Monday, September 19, 2011

Okies Spelled Backwards

It was back in 2006 that the CB Druids first became aware that Natas and Okies have much in common with Satan and Seiko. Besides the obvious, people that are dumb enough to pray to Jesus for rain, also can easily be fooled into believing their watch batteries never need replacing.

Oh man. How dumb is it asking Jesus to make it rain? Jesus may have lived all his actual or fictional life in the desert. Did he make it rain back then? Course not. He couldn't. That's because deserts feature high pressure. So the rains fall not. Course Jesus' dad could make it rain. Frogs. He could make it rain frogs. Very useful if you like frog legs.

Too little, too late for the rain. Merciful Goddess could make it rain.
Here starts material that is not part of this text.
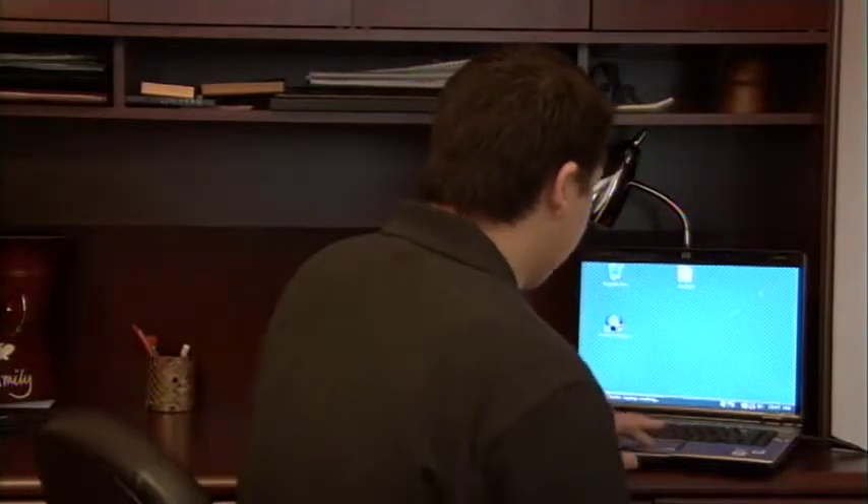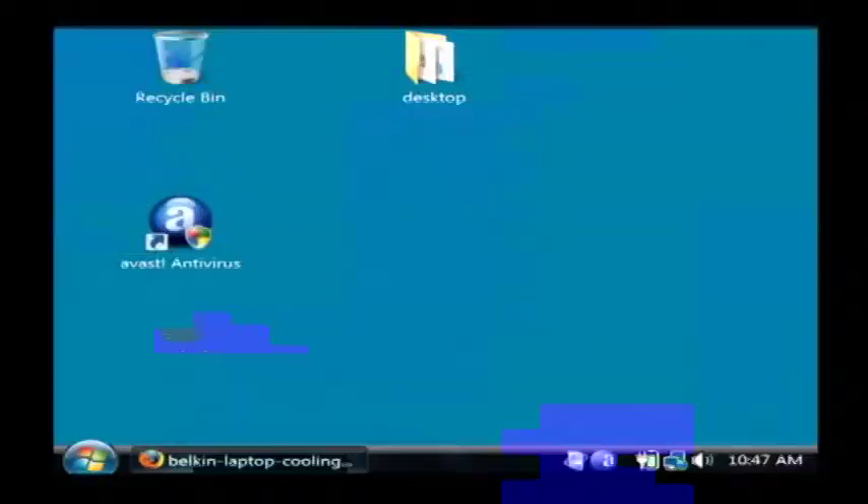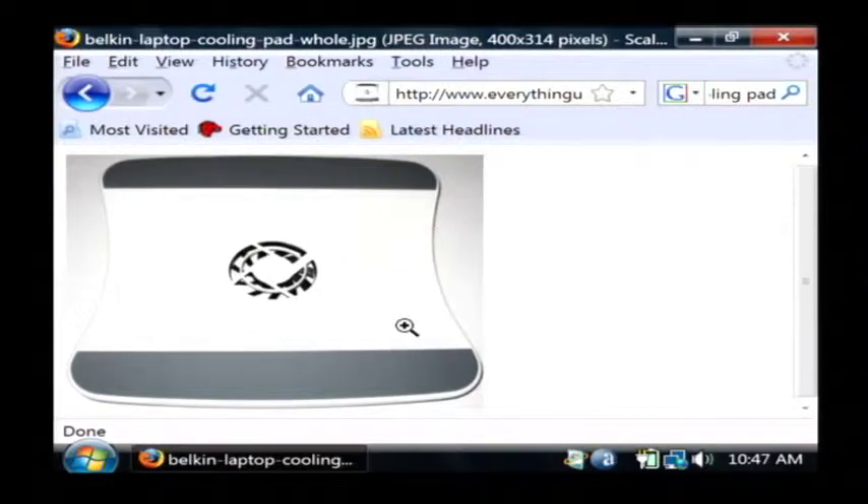So I'm going to show you here on the computer screen a laptop cooling pad. You basically set your laptop on top of it and it's got a couple of little rubberized things that'll lift your laptop a little bit for air to get underneath it. This particular one has a fan built into the middle and that will allow air to very easily flow in and around the bottom of the laptop and it will pull that heat out, keeping it from overheating and keeping your performance good on your laptop, which is something that everybody wants.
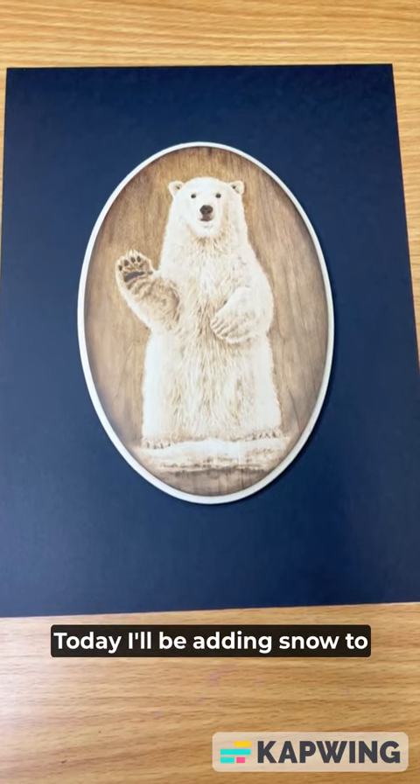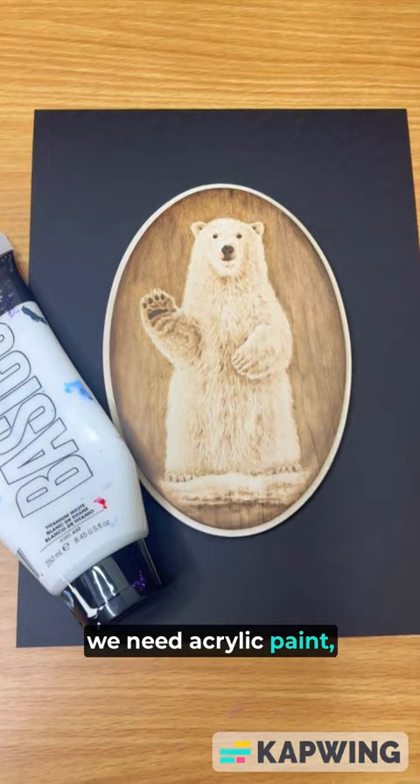Today I'll be adding snow to this wood burning of a polar bear. First we need acrylic paint, some water, an inexpensive palette, and a rough bristle brush.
But She won't until all these wicked evil doers get thinned out.

But what we actually need to discuss today is watch repair. Crumby just now fixed his Seiko kinetic watch that has been out of commission for like five passages of the tiny planet Earth around cruel giant Ogma. How amazing is that? Amazing yes. But is it a miracle?

No. If you need special gear to do the job, it is not a miracle. Like minimally, to fix your Seiko kinetic by yourself, you will need modest magnification and good light. That's because two of the screws and screwholes you are fixing to deal with are almost microscopic. Lucky for Crumby he had a Russian communist dissecting microscope capable of providing good views of the Lilliput watch works.

Then also, if you purchase your new battery or whatever from Battery Bob, you get a very nice free plastic tweezer. You'll need a nice tweezer. See! It's gear you need. Not miracles. When it comes to watch repair.